Although Alan Brown’s studies have taken him many different places, from California to New Orleans, he is particularly nostalgic for his time at the University of Amsterdam.
“It shaped me,” sighs the Assistant Professor of Sociology/Anthropology. “Dutch culture is so different from ours but without a significant language barrier. It gives students the opportunity to learn from so many different perspectives.”
Alan knew the specific lessons he wanted to teach about race and gender would be difficult to do in a traditional classroom environment so he set about to discover a new way. This led him back to the University of Amsterdam which allowed him to create a specific course that would allow his students to drive the conversation. Four mornings each week, students will attend lectures by different professors from the university, using the afternoons to discuss the concepts in different places around the city, from parks to cafes.
Taking class outside the classroom is what excites Nadia Masad, a current Sociology/Anthropology student heading into the Women and Gender Studies graduate program in September.
“I am ready for the city to teach me,” she exclaims. “To spend three-and-a-half weeks travelling with friends, staying in dorms, going to nearby places like the Anne Frank Museum, and receiving a full credit towards your program is a dream come true.”
They certainly have a lot to cover during their trip but Alan insists that keeping the experience to a shorter timeframe is necessary.
“Spending an entire semester abroad is exciting but the reality is that many students need to work in the summer or take other classes. This model allows me to reach students who could not participate in traditional educational travel programs.”
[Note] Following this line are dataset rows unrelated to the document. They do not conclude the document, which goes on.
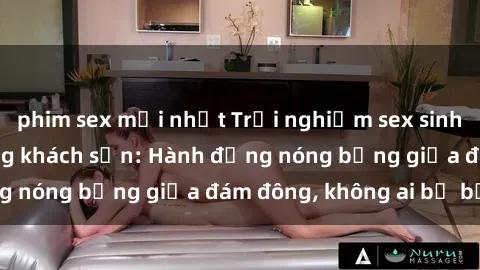 phim sex mới nhất Trải nghiệm sex sinh viên sôi động trong khách sạn: Hành động nóng bỏng giữa đám đông, không ai bị bỏ lỡ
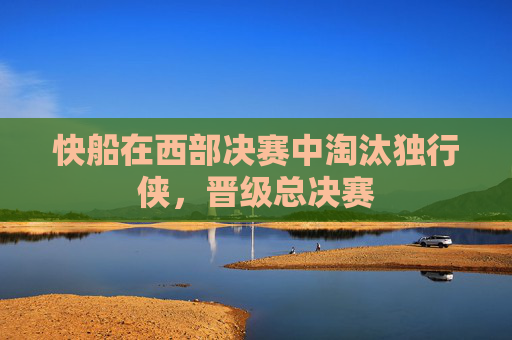 快船在西部决赛中淘汰独行侠，晋级总决赛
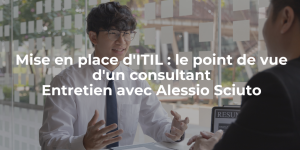 Blog_Mise en place d'ITIL - Entretien avec Alessio Sciuto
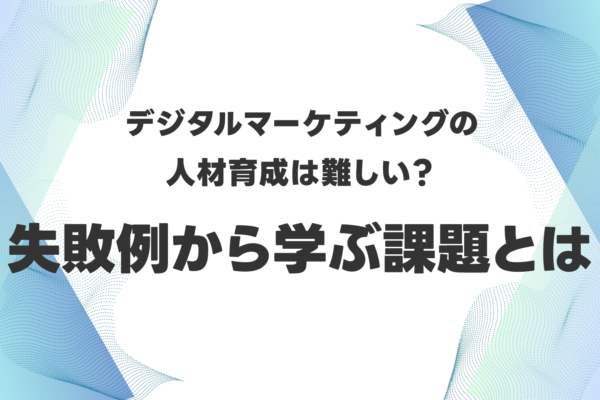 デジタルマーケティングの人材育成は難しい？失敗例から学ぶ課題とは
Nadia is quick to agree stating, “an entire semester abroad would be too much for me. The fear of homesickness and culture shock would keep me from finding out more information and applying.”
Alan’s new model allows students to get many of the same experiences as a traditional travel abroad program with the benefits of setting their own curriculum. This flexible approach leaves plenty of room available to expand on different subjects and make sure each student finds the experience and answers they’re looking for.
“The cafes, the rivers, the different districts, the surrounding areas, the Pride parade – I’m showing them that learning can happen anywhere if you give yourself the tools to really think about your environment and be critical of it,” Alan grins. “And in a way they’re showing me that too.”